China Wife loves making french onion soup and we all like eating it. How well does a Roto Slicer w/ Shredder do on slicing onions for French onion soup?
Does it make sense to get this attachment instead of some form of food processor?
answer is probably buried in this threadbut it’s two years old already…
I have the slicer/shredder, and I rarely use it. In fact, I don’t even remember the last time I took it out.
99% of my onion slicing is done by hand. As needscoffee points out, it takes more time to dig out the attachment and set it up than it does to slice a moderate number of onions.
I use a cheapo mandolin to do slicing jobs that I need thinner than I can do by hand.
Lastly, I have a food processor that I sometimes use for slicing. But now that I think about it, I can’t remember the last time I used it for that. Hmm. As with the Kitchenaid attachment, it’s more work to pull out the machine, set it up, do my slicing, then clean the machine than it is to just do it by hand.
We have one, and while it normally pines for the fjords, if we need a massive pile of something sliced, it’s wonderful.
If you need to slice up something like two dozen cukes, or shred ten pounds of carrots, this is the thing to have - just put a bowl at the output end and start jamming in the veggies non-stop. Cleanup is not tough.
in reality, if you’re not a caterer who needs to make salad by the bushel basket, you probably don’t need this attachment.

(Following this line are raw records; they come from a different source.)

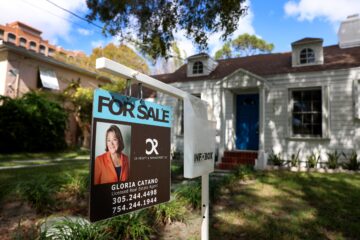 Penjualan rumah yang tertunda menghasilkan keuntungan kecil di bulan Februari, karena tingkat hipotek melonjak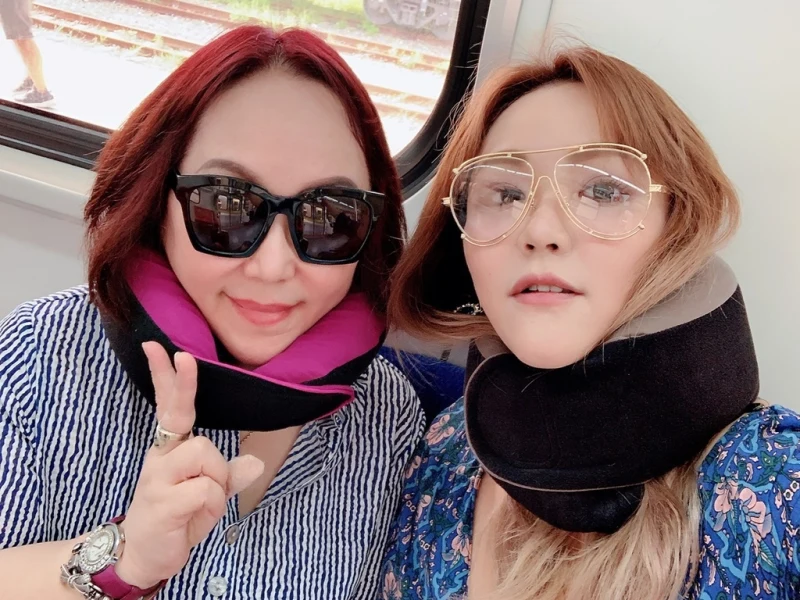 【推薦】[開箱] 國內安心旅遊 X 報復性出遊 ♥ GreySa格蕾莎 ♥ 全家福旅行頸枕 ♥ 最符合人體工學的有感舒適 出差旅行必備頸枕推薦 (つ >ω●)つ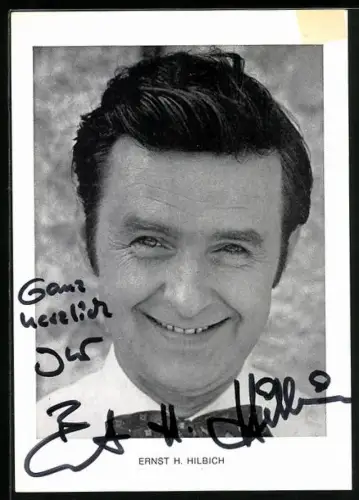 AK Musiker Ernst H. Hilbich lächelnd im Porträt, Autograph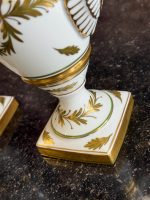Limoges porcelāna vāžu pāris (2 gab.) — Ampīra stilā ar zelta gulbjiem un bitēm (7096) - Image 17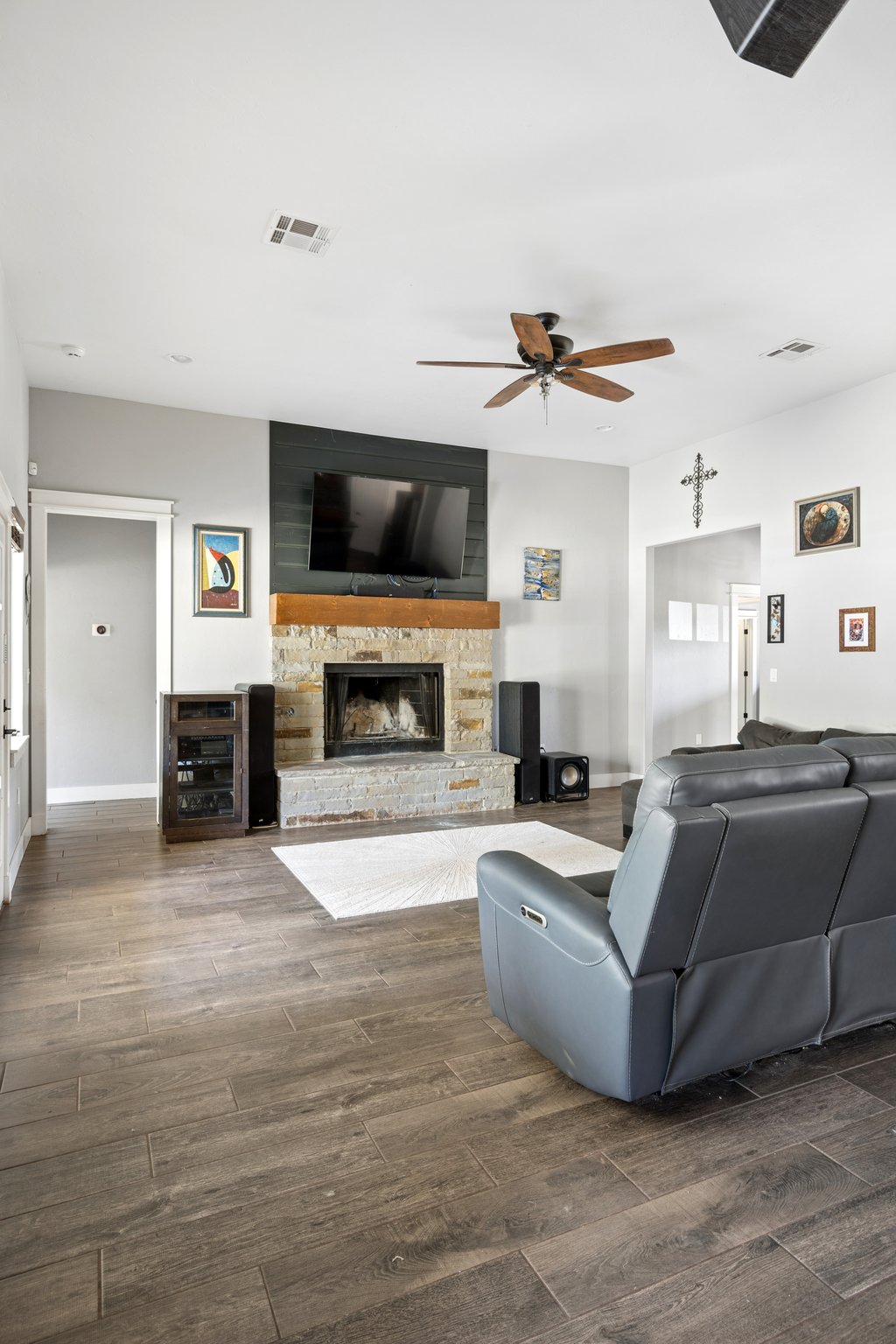 9251 S Coltrane Rd_006.jpg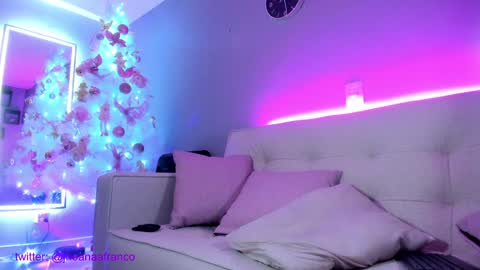 Snapshot of baby_golden chatting on 12-06-24, 02:35 Jhoana Franco online show from 12-06-24, 02:35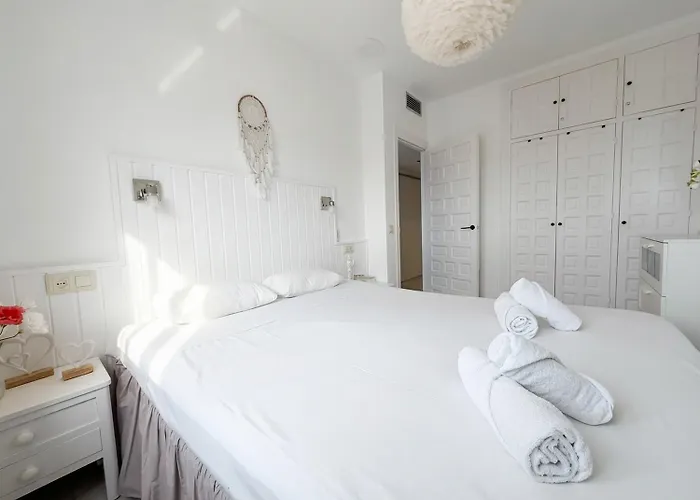 Verano Azul Casa Monica - With Sea Views & Pool Access * Nerja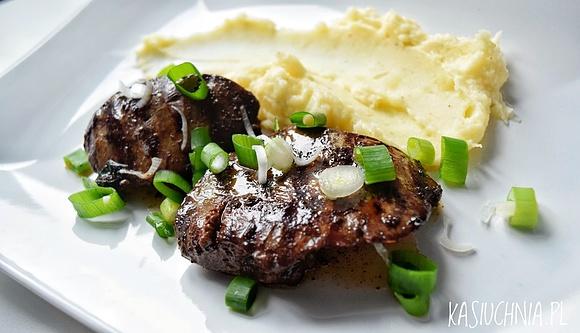 Wątróbka z indyka z masłem szczypiorkiem podana z purée ziemniaczanym
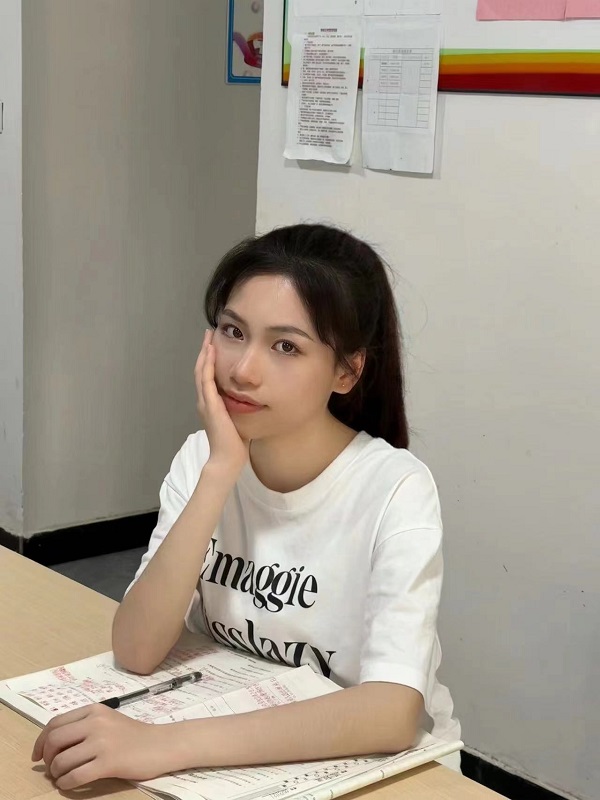 韦富丽.jpg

All right. Pet peeve time. A slicer is called a mandoline, not a mandolin. The latter is a musical instrument, and while I suspect you could slice things with the strings (as a mandolin player, believe you me: those things can cut), it’d probably be pretty messy.
We had a slicer until one of the China Bambinas took off her bird finger nail and top layer of skin a few weeks ago. That mandoline is in a landfill somewhere.
Slicing by hand is doable but is a lot of work and not so easy to get uniform slices.